During testing, two approaches were used: random split- the model tests the same types of cells it has already seen in part of the dataset, and leave-cell-out-the model tests a new type of cell it has never seen before, to see if it can predict results for completely unknown cells.
This new approach also means faster drug discovery, and as the scientists pointed out, this could also enable therapies for diseases that have long eluded traditional methods. The drug discovery process is neither easy nor short, but neither is it cheap. There is a need for research, clinical trials… if people need medicine, the process often takes a long time.
For example, last year in 2024, Bamberg Health hosted the inaugural edition of the Northeast US Healthcare Innovation Summit (USNEHIS) in Boston, Massachusetts. The goal of this gathering of healthcare leaders, technology innovators, and policy makers was to address pressing issues at the forefront of healthcare innovation. As Elad Sharon, a medical oncologist at the Dana-Farber Cancer Institute, noted during the 2024 Northeast US Healthcare Innovation Summit, “Clinical trials are extremely expensive, with costs per patient sometimes reaching a hundred thousand dollars.”

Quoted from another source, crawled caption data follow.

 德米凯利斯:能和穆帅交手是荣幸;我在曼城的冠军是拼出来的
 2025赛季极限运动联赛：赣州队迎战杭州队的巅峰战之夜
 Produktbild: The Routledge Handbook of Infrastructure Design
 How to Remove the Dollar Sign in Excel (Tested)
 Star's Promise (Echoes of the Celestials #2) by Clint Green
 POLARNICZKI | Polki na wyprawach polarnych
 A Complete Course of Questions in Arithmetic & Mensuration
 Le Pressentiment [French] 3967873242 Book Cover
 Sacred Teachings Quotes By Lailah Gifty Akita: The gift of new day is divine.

These data show how costly the process itself is, which is why all these innovations under the guidance of scientists can be of great significance.
The study’s senior author, Marinka Zitnik, an associate professor of biomedical informatics at Harvard Medical School, answered a few questions for Unknown Focus.

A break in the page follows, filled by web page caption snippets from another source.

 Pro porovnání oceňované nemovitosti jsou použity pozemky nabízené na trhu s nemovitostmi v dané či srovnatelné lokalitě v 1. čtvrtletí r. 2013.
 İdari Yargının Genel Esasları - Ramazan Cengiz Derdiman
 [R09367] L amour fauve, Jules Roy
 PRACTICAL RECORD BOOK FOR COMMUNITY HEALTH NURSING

“While we cannot reduce the regulatory timeline directly, the tool makes the upstream discovery pipeline far more efficient and less costly.”

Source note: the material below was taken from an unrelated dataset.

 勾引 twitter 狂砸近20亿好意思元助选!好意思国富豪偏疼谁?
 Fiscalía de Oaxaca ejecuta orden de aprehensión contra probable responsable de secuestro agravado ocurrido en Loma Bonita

Even when new drugs are developed, getting them to the patients who need them can take a long time. Since the model is faster, does that still make a difference even if the process of reaching patients is slower? Is it still faster than the standard testing methods?
Professor Marinka Zitnik: Yes, speed matters even if clinical translation takes time. The discovery stage, where scientists identify which genes or combinations of them to test, is often the bottleneck in therapeutic development. Laboratory testing of candidate targets can take months to years. PDGrapher replaces large parts of that trial-and-error process with computations that run in hours to days, which is at least an order of magnitude faster than experimental screens. By narrowing down to the most promising gene targets and combinations, PDGrapher helps researchers prioritize experiments earlier, shortening the path to actionable insights. While we cannot reduce the regulatory timeline directly, the tool makes the upstream discovery pipeline far more efficient and less costly.
“This opens possibilities for drug repurposing in rare diseases, where existing drugs might be matched to underexplored disease mechanisms.”
How could this help in treating rare diseases? Can it be used for something beyond drug discovery, like additional research? It seems to me that there are many possibilities.
Professor Marinka Zitnik: Rare diseases often lack sufficient funding and patient samples for large-scale experimental screens. PDGrapher can work directly on datasets already collected, such as transcriptomic or proteomic profiles, and nominate candidate genes to target with existing drugs without requiring new experiments upfront. This opens possibilities for drug repurposing in rare diseases, where existing drugs might be matched to underexplored disease mechanisms. Beyond drug discovery, PDGrapher can be used as a research tool: it can highlight causal gene interactions in diseased cells, generate hypotheses about disease biology, and suggest combinatorial perturbations that would be infeasible to exhaustively test in the lab.
What’s next? Could this serve as a foundation or a source of ideas for determining future research directions? Is PDGrapher freely available?
Professor Marinka Zitnik: Yes, PDGrapher is openly available to the research community. We view it as a foundation for drug target discovery studies. Our next steps are twofold: first, to integrate PDGrapher with additional molecular data types, including patient-derived datasets, to improve its generalizability. Second, to work with experimental labs to validate predictions made by PDGrapher in disease models. We also see it as a starting point for developing future AI systems that can reason about interventions across multiple scales, from genes and proteins up to tissues and patients. By making PDGrapher accessible, we hope it will inspire researchers to use it for target discovery and also as a hypothesis-generation engine for new directions in disease biology.